En l'espèce, ce moyen confine à la témérité. Il n'y a absolument aucun élément du dossier qui permette de penser que la demanderesse aurait subi une pression quelconque. L'affirmation en audience d'un bailleur assisté d'un mandataire professionnel qu'il peut obtenir l'expulsion du locataire à bref délai, locataire lui-même assisté d'un avocat – à supposer qu'elle soit établie, ce qui n'est pas le cas –, n'est à l'évidence pas une menace de nature à constituer une crainte fondée.

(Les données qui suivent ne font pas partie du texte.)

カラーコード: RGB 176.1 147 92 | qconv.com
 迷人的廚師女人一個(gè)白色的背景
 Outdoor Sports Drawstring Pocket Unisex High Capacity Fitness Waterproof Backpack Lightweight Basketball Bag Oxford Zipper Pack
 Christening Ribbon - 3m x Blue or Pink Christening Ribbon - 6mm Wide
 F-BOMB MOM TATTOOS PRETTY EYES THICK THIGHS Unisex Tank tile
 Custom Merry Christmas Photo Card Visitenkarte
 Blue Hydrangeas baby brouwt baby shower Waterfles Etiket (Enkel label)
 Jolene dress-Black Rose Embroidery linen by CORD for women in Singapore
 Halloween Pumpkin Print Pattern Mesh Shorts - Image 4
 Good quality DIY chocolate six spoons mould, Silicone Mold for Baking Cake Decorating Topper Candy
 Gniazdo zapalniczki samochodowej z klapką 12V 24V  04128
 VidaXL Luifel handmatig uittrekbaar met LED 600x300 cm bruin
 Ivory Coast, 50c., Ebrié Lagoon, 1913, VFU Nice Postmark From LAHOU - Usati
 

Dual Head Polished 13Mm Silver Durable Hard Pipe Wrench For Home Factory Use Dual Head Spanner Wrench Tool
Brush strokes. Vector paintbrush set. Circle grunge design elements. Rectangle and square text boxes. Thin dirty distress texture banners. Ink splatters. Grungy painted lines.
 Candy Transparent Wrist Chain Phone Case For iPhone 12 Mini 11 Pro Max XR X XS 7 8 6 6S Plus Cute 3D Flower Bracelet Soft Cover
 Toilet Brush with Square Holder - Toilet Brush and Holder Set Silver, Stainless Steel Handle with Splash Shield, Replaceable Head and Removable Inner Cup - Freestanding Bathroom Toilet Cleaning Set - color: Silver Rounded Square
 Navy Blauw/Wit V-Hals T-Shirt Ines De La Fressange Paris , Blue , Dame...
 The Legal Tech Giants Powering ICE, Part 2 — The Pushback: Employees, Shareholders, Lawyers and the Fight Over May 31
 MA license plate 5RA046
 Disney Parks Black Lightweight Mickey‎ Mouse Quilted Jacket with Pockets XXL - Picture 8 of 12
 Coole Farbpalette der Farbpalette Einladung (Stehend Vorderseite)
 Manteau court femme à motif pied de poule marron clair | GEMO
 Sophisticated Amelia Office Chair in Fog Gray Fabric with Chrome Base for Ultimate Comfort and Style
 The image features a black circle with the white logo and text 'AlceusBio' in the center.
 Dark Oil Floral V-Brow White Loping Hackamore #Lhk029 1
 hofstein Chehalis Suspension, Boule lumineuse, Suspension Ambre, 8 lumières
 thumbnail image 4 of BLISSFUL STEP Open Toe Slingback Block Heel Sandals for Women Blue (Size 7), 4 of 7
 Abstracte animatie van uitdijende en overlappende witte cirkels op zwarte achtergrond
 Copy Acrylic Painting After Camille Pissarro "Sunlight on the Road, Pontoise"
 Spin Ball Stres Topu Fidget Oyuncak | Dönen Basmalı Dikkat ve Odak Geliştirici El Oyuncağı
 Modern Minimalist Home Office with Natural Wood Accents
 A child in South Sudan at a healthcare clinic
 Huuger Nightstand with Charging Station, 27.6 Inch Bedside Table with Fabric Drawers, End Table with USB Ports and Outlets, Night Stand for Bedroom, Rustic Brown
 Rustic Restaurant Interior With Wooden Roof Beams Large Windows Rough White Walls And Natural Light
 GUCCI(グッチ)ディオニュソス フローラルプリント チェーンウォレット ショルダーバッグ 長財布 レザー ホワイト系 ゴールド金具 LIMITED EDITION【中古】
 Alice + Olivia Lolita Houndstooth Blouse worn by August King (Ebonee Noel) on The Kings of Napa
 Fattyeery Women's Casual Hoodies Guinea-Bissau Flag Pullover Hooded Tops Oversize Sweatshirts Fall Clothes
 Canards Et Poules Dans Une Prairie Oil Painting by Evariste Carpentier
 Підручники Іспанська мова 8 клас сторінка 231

Il s'ensuit que la demande de révision, manifestement infondée, doit être rejetée sans autre échange d'écritures en application de l'art. 330 CPC.

La demande de révision étant dépourvue de chances de succès, la requête d'assistance judiciaire formée par K.________ doit être rejetée (art. 117 let. b CPC).

Les frais de justice à la charge de la demanderesse sont arrêtés à 178 fr. (art. 80 al. 1 et 3 TFJC [tarif des frais judiciaires civils du 28 septembre 2010; RSV 270.11.5]).

Il n'y a pas lieu d'allouer de dépens au défendeur, même s'il s'est spontanément déterminé, dès lors qu'aucun délai de réponse ne lui avait été imparti.

Par ces motifs, la juge déléguée de la Cour d'appel civile du Tribunal cantonal, statuant à huis clos, en application de l'art. 330 CPC, prononce :

I. La demande de révision déposée le 27 février 2012 par K.________ est rejetée.

II. Les frais de justice, arrêtés à 178 fr. (cent septante-huit francs), sont mis à la charge de K.________.

III. La requête d'assistance judiciaire déposée par K.________ est rejetée.

IV. Il n'est pas alloué de dépens.

La juge déléguée : Le greffier :

Du 19 avril 2012

Le dispositif de l'arrêt qui précède est communiqué par écrit aux intéressés.

Le greffier :

Du

L'arrêt qui précède, dont la rédaction a été approuvée à huis clos, est notifié en expédition complète, par l'envoi de photocopies, à :

‑ Me Patricia Spack Isenrich (pour K.), ‑ Me Jean-Claude Mathey (pour W.).

La juge déléguée de la Cour d'appel civile considère que la valeur litigieuse est supérieure à 15'000 francs.

Le présent arrêt peut faire l'objet d'un recours en matière civile devant le Tribunal fédéral au sens des art. 72 ss LTF (loi du 17 juin 2005 sur le Tribunal fédéral – RS 173.110), cas échéant d'un recours constitutionnel subsidiaire au sens des art. 113 ss LTF. Dans les affaires pécuniaires, le recours en matière civile n'est recevable que si la valeur litigieuse s'élève au moins à 15'000 fr. en matière de droit du travail et de droit du bail à loyer, à 30'000 fr. dans les autres cas, à moins que la contestation ne soulève une question juridique de principe (art. 74 LTF). Ces recours doivent être déposés devant le Tribunal fédéral dans les trente jours qui suivent la présente notification (art. 100 al. 1 LTF).

Cet arrêt est communiqué, par l'envoi de photocopies, à :

‑ M. le Juge délégué de la Cour d'appel civile du Tribunal cantonal, ‑ Mme la Présidente du Tribunal des baux du canton de Vaud.